### WHAT THE TASK REQUIRES
The full listing is to be transcribed exactly, with each picture left out.

Top of DATASET EXCERPT

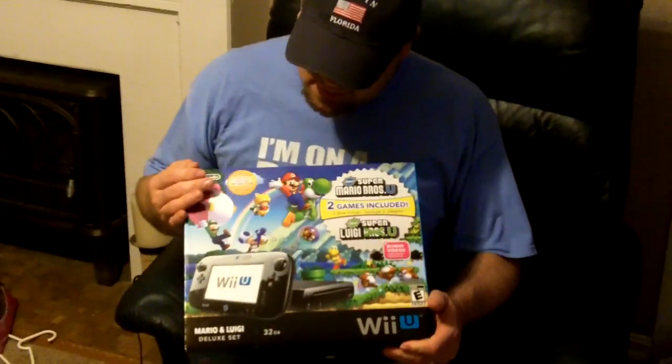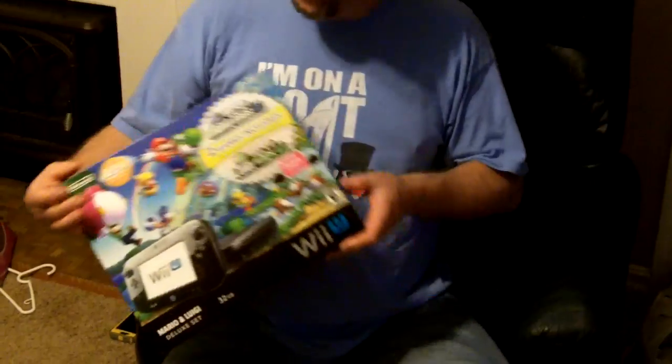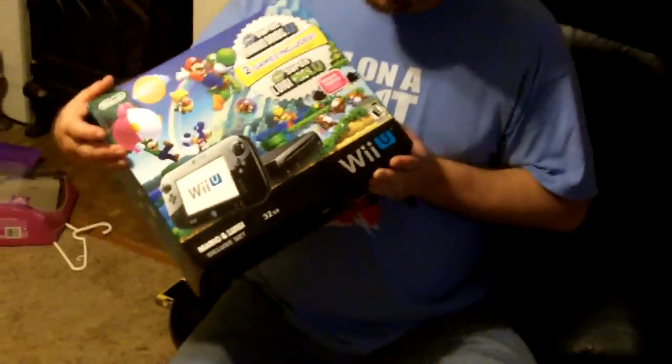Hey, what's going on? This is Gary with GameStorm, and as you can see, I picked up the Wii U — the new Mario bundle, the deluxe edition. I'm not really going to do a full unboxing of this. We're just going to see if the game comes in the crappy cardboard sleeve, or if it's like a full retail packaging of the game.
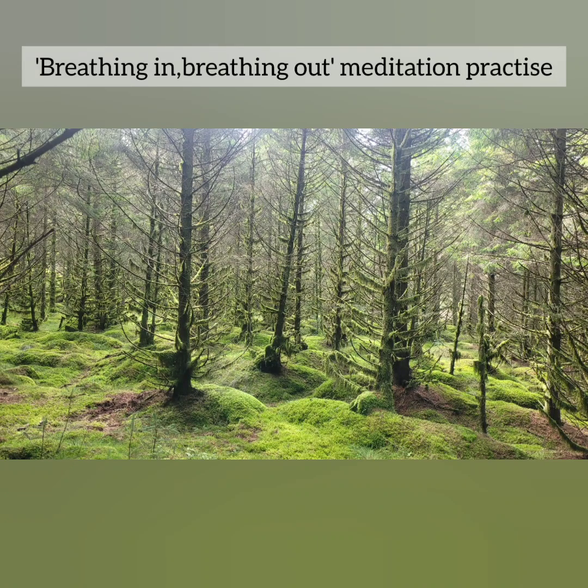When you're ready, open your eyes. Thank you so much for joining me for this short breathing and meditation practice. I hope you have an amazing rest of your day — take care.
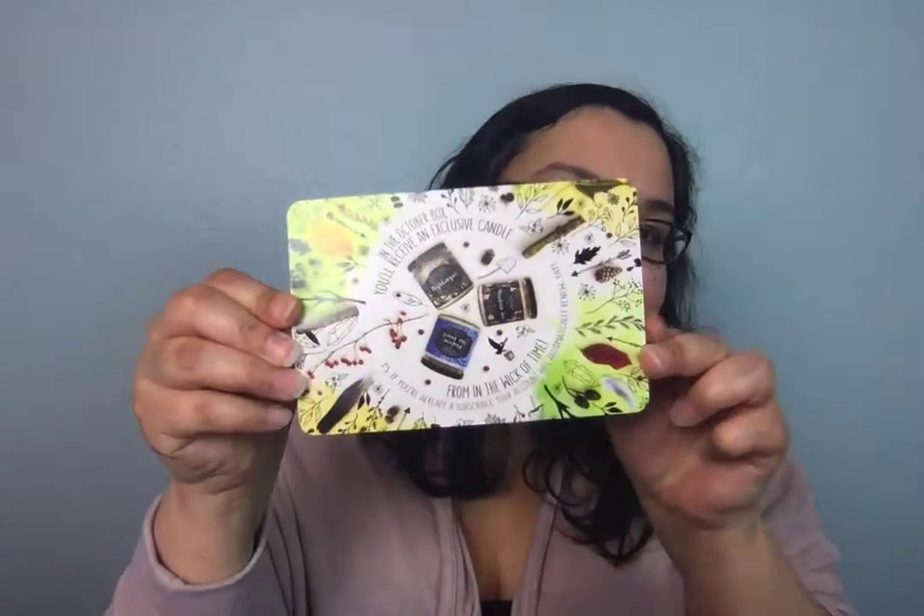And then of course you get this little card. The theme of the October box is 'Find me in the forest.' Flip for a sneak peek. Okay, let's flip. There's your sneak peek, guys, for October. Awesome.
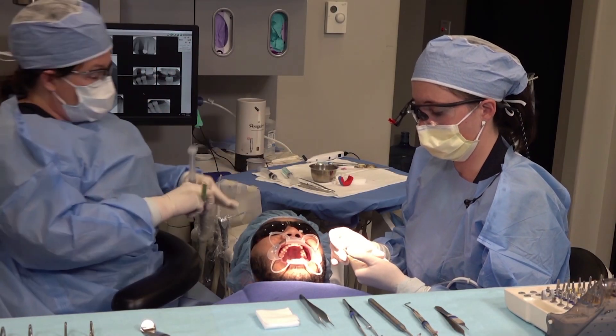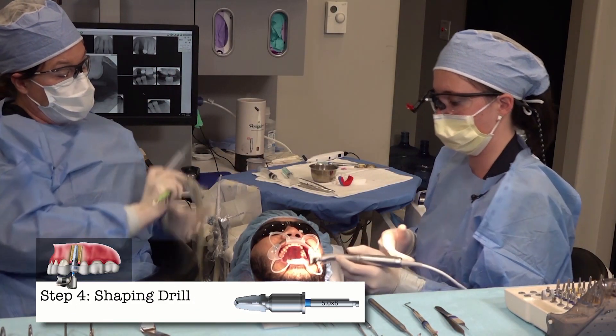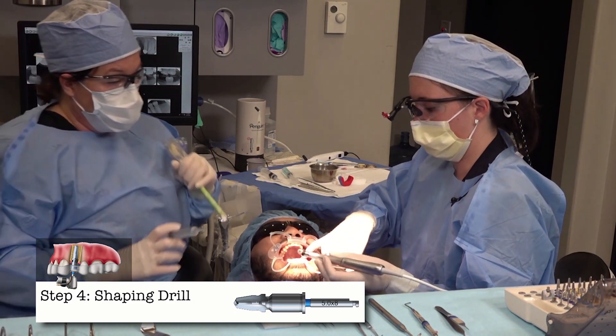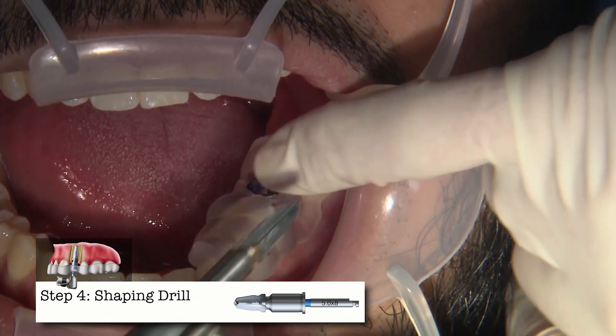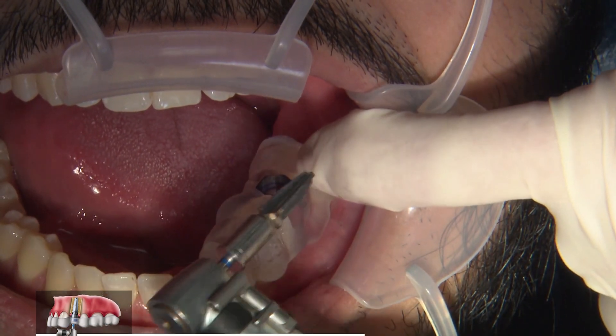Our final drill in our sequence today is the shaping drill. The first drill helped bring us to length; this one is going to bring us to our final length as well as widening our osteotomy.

Bottom of DATASET EXCERPT

### TASK OUTPUT
Hey, what's going on? This is Gary with GameStorm, and as you can see, I picked up the Wii U — the new Mario bundle, the deluxe edition. I'm not really going to do a full unboxing of this. We're just going to see if the game comes in the crappy cardboard sleeve, or if it's like a full retail packaging of the game.
When you're ready, open your eyes. Thank you so much for joining me for this short breathing and meditation practice. I hope you have an amazing rest of your day — take care.
And then of course you get this little card. The theme of the October box is 'Find me in the forest.' Flip for a sneak peek. Okay, let's flip. There's your sneak peek, guys, for October. Awesome.
Our final drill in our sequence today is the shaping drill. The first drill helped bring us to length; this one is going to bring us to our final length as well as widening our osteotomy.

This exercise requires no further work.